Drought drenched
Northeast Georgia, western tip of Carolinas the exceptions in federal report. Southern Texas only area in worst category.
Associated Press
Friday, December 19, 2008
A soggy December has helped much of the South recover from a drought that dried up reservoirs and turned crops and lawns to straw for the last two years, but Georgia’s dry spell persists, according to a federal report released Thursday.
A year ago, thousands of square miles across the region were considered in “extreme” or “exceptional” drought, the government’s two worst categories.
But the latest U.S. Drought Monitor shows a wet December has helped dramatically, with none of the region currently in the worst category of drought.

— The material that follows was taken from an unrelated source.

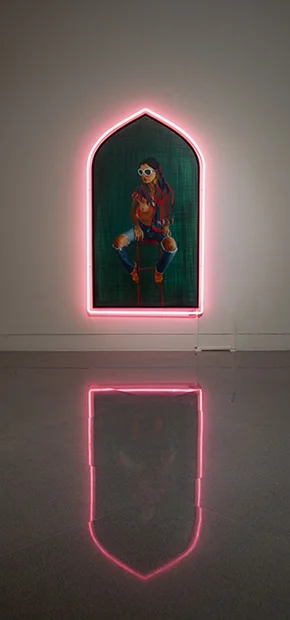 Taravat Talepasand , Westoxicated , 2015–18, installation view, Bay Area Now 8 , Yerba Buena Center for the Arts, San Francisco, 2018. Courtesy Yerba Buena Center for the Arts. Photograph by John Foster Cartwright.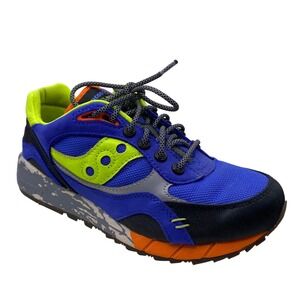 Saucony Shadow 6000 Mens Running Shoes Blue Neon Orange Size 7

Alabama, Florida, Mississippi, Louisiana and Arkansas are completely drought-free, although a pocket of severe to extreme drought persists in the western tip of the Carolinas and northeast Georgia, including Lake Lanier, a key component of metro Atlanta’s water supply.
Eastern Tennessee, most of Kentucky and parts of Virginia and West Virginia remain in at least a moderate drought. Southern Texas is the only area in the nation still plagued by exceptional drought.

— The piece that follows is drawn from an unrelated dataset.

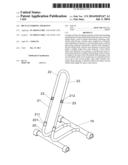 Bicycle parking apparatus diagram and image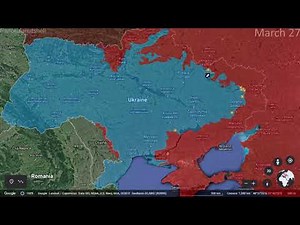 Russo-Ukrainian War: First 2 Months Mapped using Google Earth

Forecasters say conditions began improving in the spring and through the fall as more regular rains helped add moisture to soil and dumped more water into rivers. October was dry, but more regular rainfall has spread across the area since then.
An expert at the University of Alabama in Huntsville said heavy December rains finally stopped the drought in Alabama, but it could take time for the region’s streams and lakes to fully recover.

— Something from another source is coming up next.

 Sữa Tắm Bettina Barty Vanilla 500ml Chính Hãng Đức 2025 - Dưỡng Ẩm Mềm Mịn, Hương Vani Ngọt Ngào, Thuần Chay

“Even though we’ve had significant rainfall … I think what we lost in those two years of drought was a lot of the base flow that comes to springs and provides flow to creeks and streams,” said Richard McNider, a professor of atmospheric sciences. “It’s not clear yet whether we have had enough to restore those base flows.”
The end of the drought could have come sooner for Alabama sod farmer Pete Winford, who’s had one problem after another on his 250-acre sod farm.
Weeks without rain forced him to irrigate with water from the Coosa River, but Alabama Power Co. sued him last year, claiming he was hurting hydrodynamic power generation.
Then he said homeowners quit buying sod because of watering restrictions and the recession gutted new home construction. A spike in diesel fuel costs made things worse.
“You couldn’t have designed a better disaster for a sod farmer,” said Winford, of Harpersville, located about 30 miles southeast of Birmingham. “It was just one thing piled on top of another.”